Day One: Getting Started
- Note: All elevation and mileages are approximate.
- August 19: Denver to Bear Butte State Park
- Miles hiked: 5.3
- Elevation gain: 1,654 feet
While Emily began her training in the Omaha heat, I started poring over maps, online resources and Steve’s recently completed “databook” with information about the pilot trail. I bought National Geographic Trails Illustrated Maps for both the northern and southern Black Hills, and got materials from the U.S. Forest Service about the Ogalala National Grasslands and Nebraska National Forest.
Anticipating a hot journey, I overcame my long hesitation and finally decided to buy a hiking umbrella, settling on Six Moon Designs’ Silver Shadow. I also was excited to try out a new tent, Six Moon Designs’ Skyscape Trekker, and the latest version of Altra Timp shoes, both of which I’d received to review for The Trek hiking website. Other than that, I planned to stick with gear that had served me well since I began long-distance hiking in 2015 on the Colorado Trail.
After rejecting a 22-hour Greyhound ride for $71, I rented a car one-way for just $81, then take a shuttle from Rapid City to Bear Butte. The drive would allow me to scout some of the route through Nebraska or even stash water.
At long last, I got a ride to DIA on the morning of Monday, Aug. 19, collected my minivan (cheaper, strangely, than a car), and headed north to Cheyenne. I hit Scottsbluff, where I would end the hike, by early afternoon, and was soon sending pale clouds of dust into the cornflower-blue skies as I rumbled along the washboarded back roads of Dawes and Sioux counties that I would soon be walking. Driving with the window down, I regretted my “ounce foolish” decision to leave my new sun umbrella behind. But how bad could it be? I’d never used one before ….

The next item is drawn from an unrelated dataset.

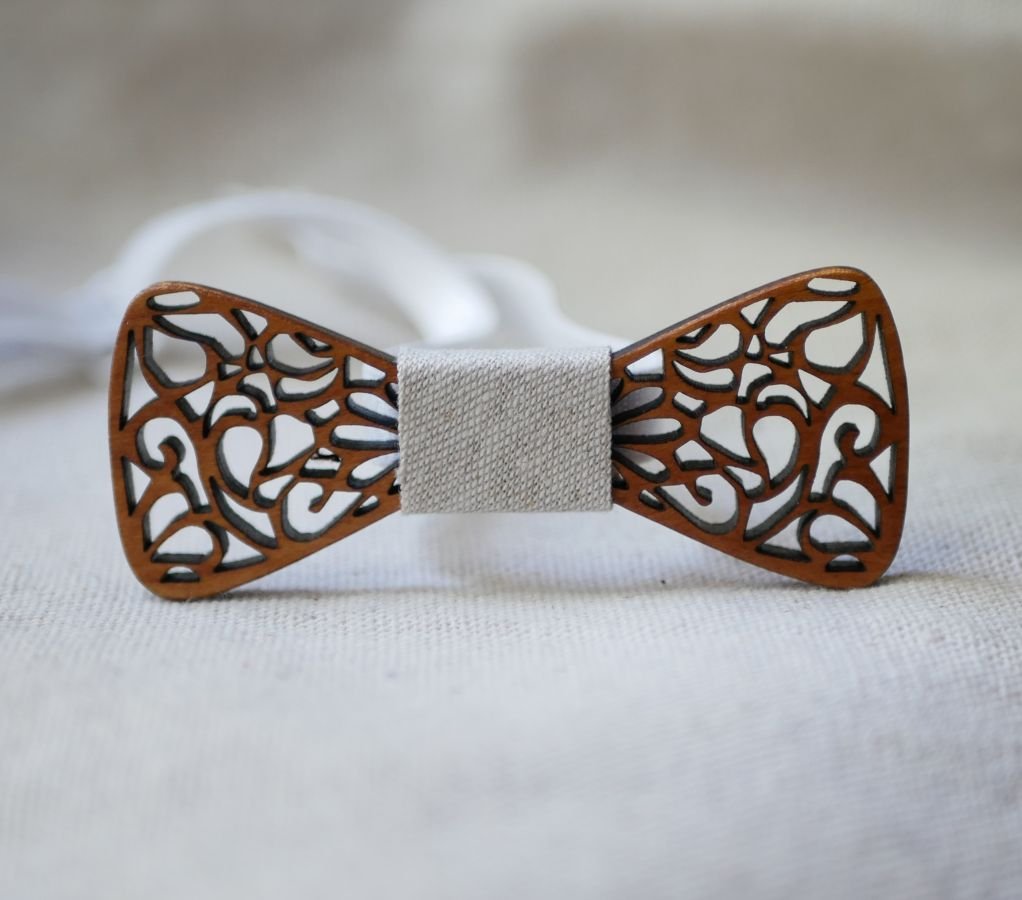 Mini laço de madeira com curvas elegantes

I lucked out at Rapid City Regional Airport, catching a shuttle to Sturgis after waiting just 15 minutes. For an extra $10, the driver, a Sioux man drove me to the entrance of Bear Butte State Park. I stood there marveling at the butte, sacred to many Indian tribes in the region. Although it was 6:30 p.m., I made a snap decision to hike up the butte now, instead of waiting until morning.
The first 125 miles or so of the Great Plains Trail pilot trail follow South Dakota’s Centennial Trail, which terminates atop the butte, much as the Appalachian Trail ends in Maine atop Katahdin. The trail was created in 1989 in celebration of South Dakota’s first 100 years as a state.
The air was warm, but a pleasant breeze made for comfortable walking as I headed north through a sloping pasture. The trail turned east on the skirts of the mountain, winding in and around several cool, shallow draws, where I spooked several whitetail deer.
After about a mile, I reached a small shelter and water fountain, where the trail steepened as it headed north and east. I passed countless colorful bits of cloth tied into small bundles filled with tobacco, an Indian ritual to honor ancestors and dead loved ones. I saw no people, and felt exhilaratingly alone as I followed the path into the mountain’s shadow.
The trail gains about 1,500 feet from where I started, cutting across the side of the mountain and skipping along narrow ridges, providing spectacular views of the plains to the east, which were already beginning to turn from golden-green to purple with the onset of evening.
I reached the summit in just over an hour, as the westering sun painted Bear Butte’s western side in a gilded, bloody light. Looking east, I realized that this was literally the last mountain until the Adirondacks in northern New York. I also plucked five ticks off my legs.
Heading back down, I was surprised to see a small figure running up the trail. Soon, I startled a middle-aged Indian woman as she rounded a corner; guess she thought she’d been alone, too.
By the time I reached the entrance to the park, the sun was long gone, leaving only a strip of pale blue on the horizon to interrupt a cloak of darkness. I walked about a half mile on the reservoir road, and pitched my tent while battling a cloud of marauding mosquitoes swarming to my white headlamp. I soon discovered that they paid not the slightest attention to the red lamp. Good to know.
I filled a 20-ounce water bottle in the nearby lake, struggling to keep the many tadpoles from committing suicide. But after treating with trusty Aqua Mira drops, the water tasted like swampy swill. I ate a Clif bar and a packet of tuna, then tried to read. But it had been a long day by car, shuttle and foot, and after dropping the Kindle on my face two times, I put it aside and fell instantly asleep.